Postby Indigo » 27 Dec 2010, 20:00

Choosejoy wrote:
Cootie Queen wrote:Are there no signs of parenting potential that one may detect BEFORE breeding?

In other words ... Why choose a bad father?


IME, sometimes wonderful and healable people go through times in their lives when they are unable to live up to their responsibilities well. It's sadly unfortunate when these times coincide with their children's youth, sometimes it's predictable and sometimes not.


Agreed.
I should have seen the writing on the wall with my son's father perhaps... He had two children from a previous marriage whom he had little contact with... having left shortly after they were born. The fact is that he turned out to be a good father in many respects and our son adored him.
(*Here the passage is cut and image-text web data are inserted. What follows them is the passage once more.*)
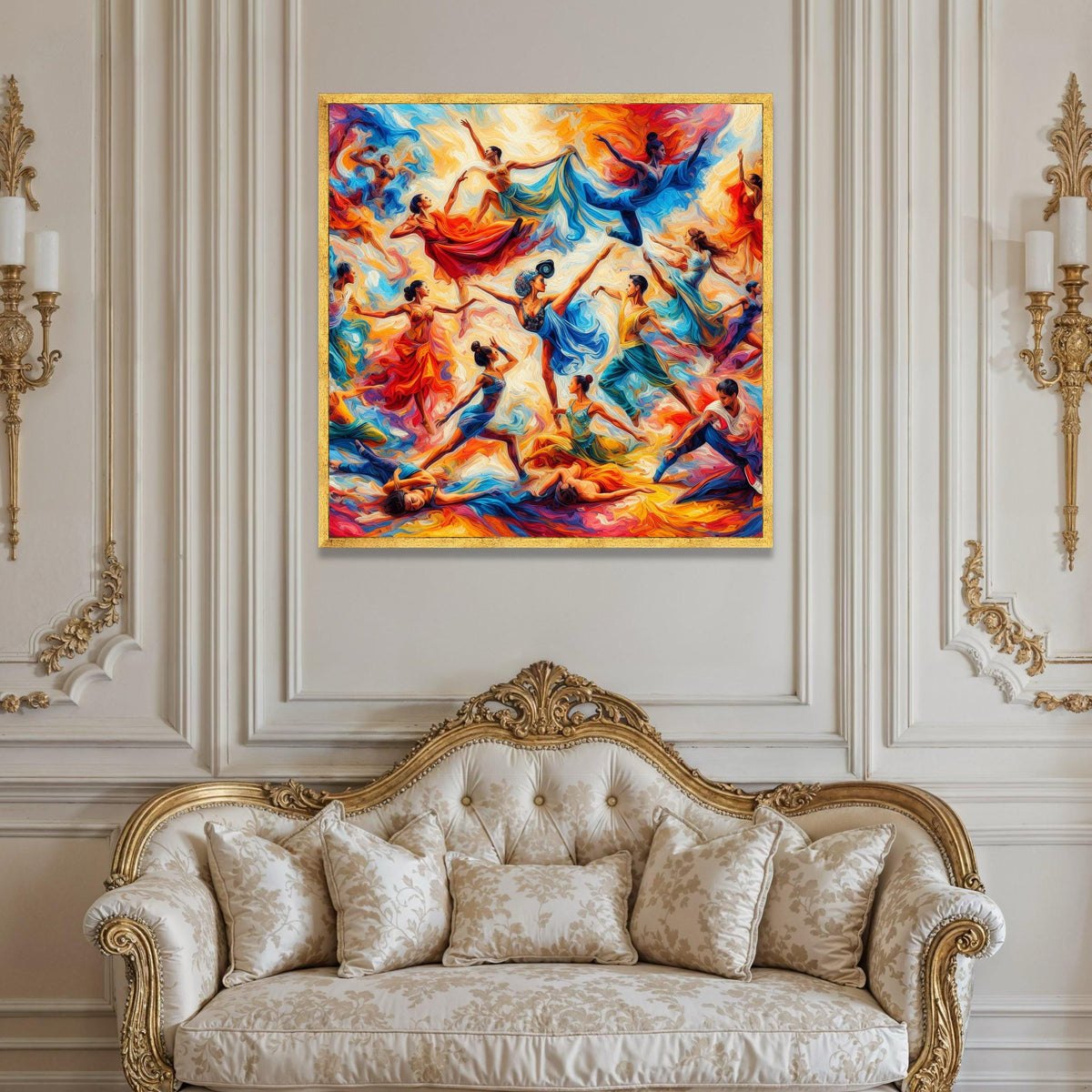 Vibrant Dance Celebration Canvas, Colorful Ballet Wall Art, Abstract Movement Painting, Energetic Home Decor, Ready to Luxury Home Decor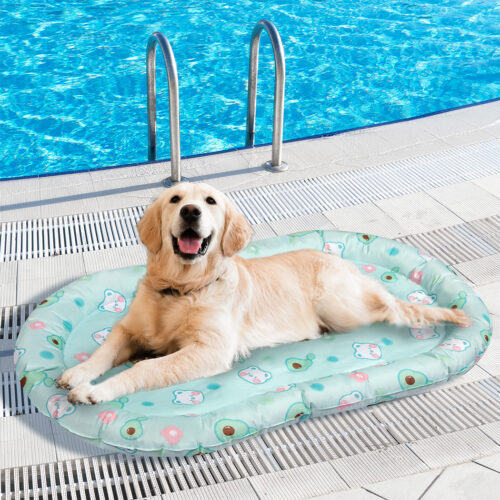 Pawz Pet Cooling Mat Dog Water Bed Ice Mattress Pad Gel Green Large 73x103cm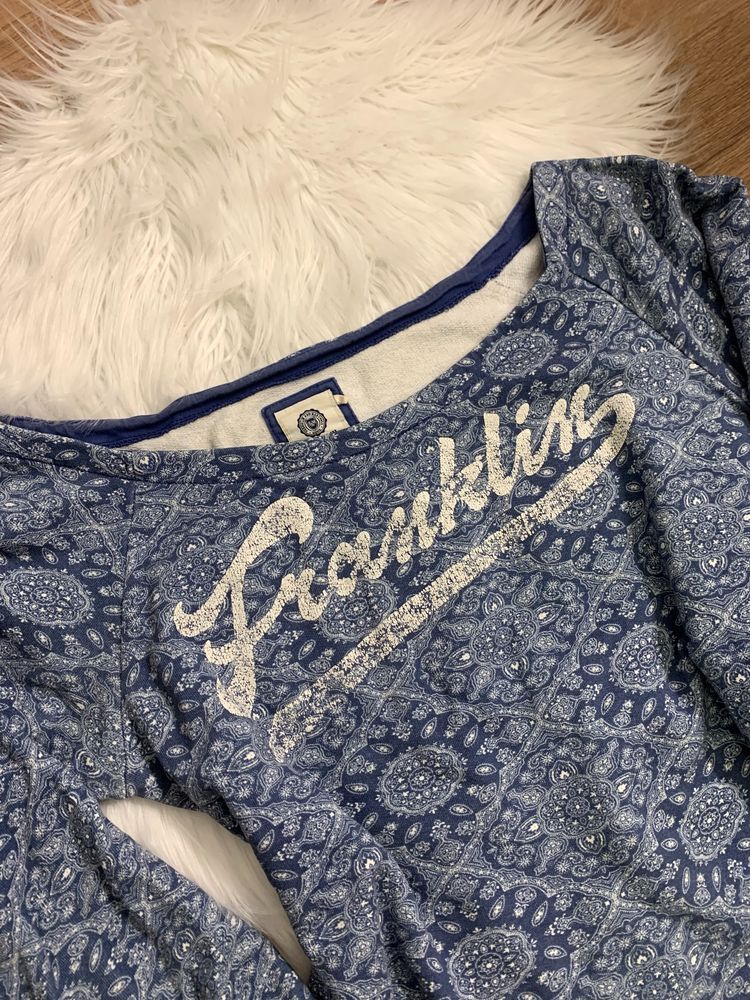 Bluza Vintage niebiesko-biała (M) Franklin Marshall
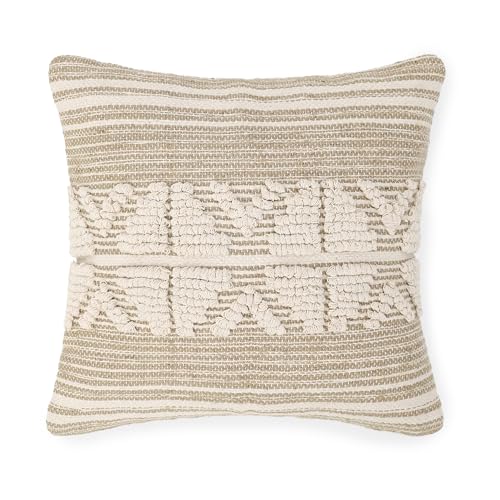 · REDEARTH · Handmade Boho Throw Pillow Covers - Bohemian Chic Farmhouse Style - Accent Woven Indoor and Covered Patio Pillow Cushion Cases for Couch, Bed, Chair, Sofa, Benches – Set of 2-18"x18" - - color: Rustic Elegance Natural, size: 18" x 18" (Pack o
Our marriage was on the rocks when our son was 14 but they still maintained contact with each other. It was only when he was 16 and things went wrong in his father's life, (i.e. the young Filipino girl he shacked up with deserted him for someone else, etc.) His father ended up losing his home (that went with his job)... due to government cut backs... and no doubt because he spent most of his working day in the pub... and ended up going to live in the Far East, having raked up over £100K that he owed on credit cards. This all happened after I had left him so has no bearing on my credit status.... apart from some stupid timeshare contract which is inconsequential in the scheme of things. I think the point I'm trying to make is that he was a big part of my son's life and he left at a time when my son was questioning and defining himself and how he relates to others... based on his parents as role models. His actions devastated my son who has hardly had any contact with him since and doesn't really know of his whereabouts and only recently, after 18 months, received a 5 minute phone call to let him know he's still alive and that he is now happily married to a 23 year old Thai girl. As far as I'm concerned, he might as well be dead. I think his sudden departure from my son's life at a time when he crucially needed him probably did as much damage than if he wasn't ever in his life to begin with. I can't for the life of me fathom how he managed to not only sweep his kids from his previous marriage from out of his life but now he's done he same to ours. I sort of understand why he's excluded me from his life and that a lot of the reason is shame based but I have found it difficult to understand that he could that to his son whom he adored and I have hundreds of pictures to prove it. Most likely he will die long before my son even knows it. I wish he could see the wonderful person his son has turned out to be. Sad really. In some ways, I wish he had never been a part of my son's life and yet I do see how his influence in my son's life brought a different dimension that he would have perhaps have lacked if his father hadn't been a major part of his life for the first 14 years.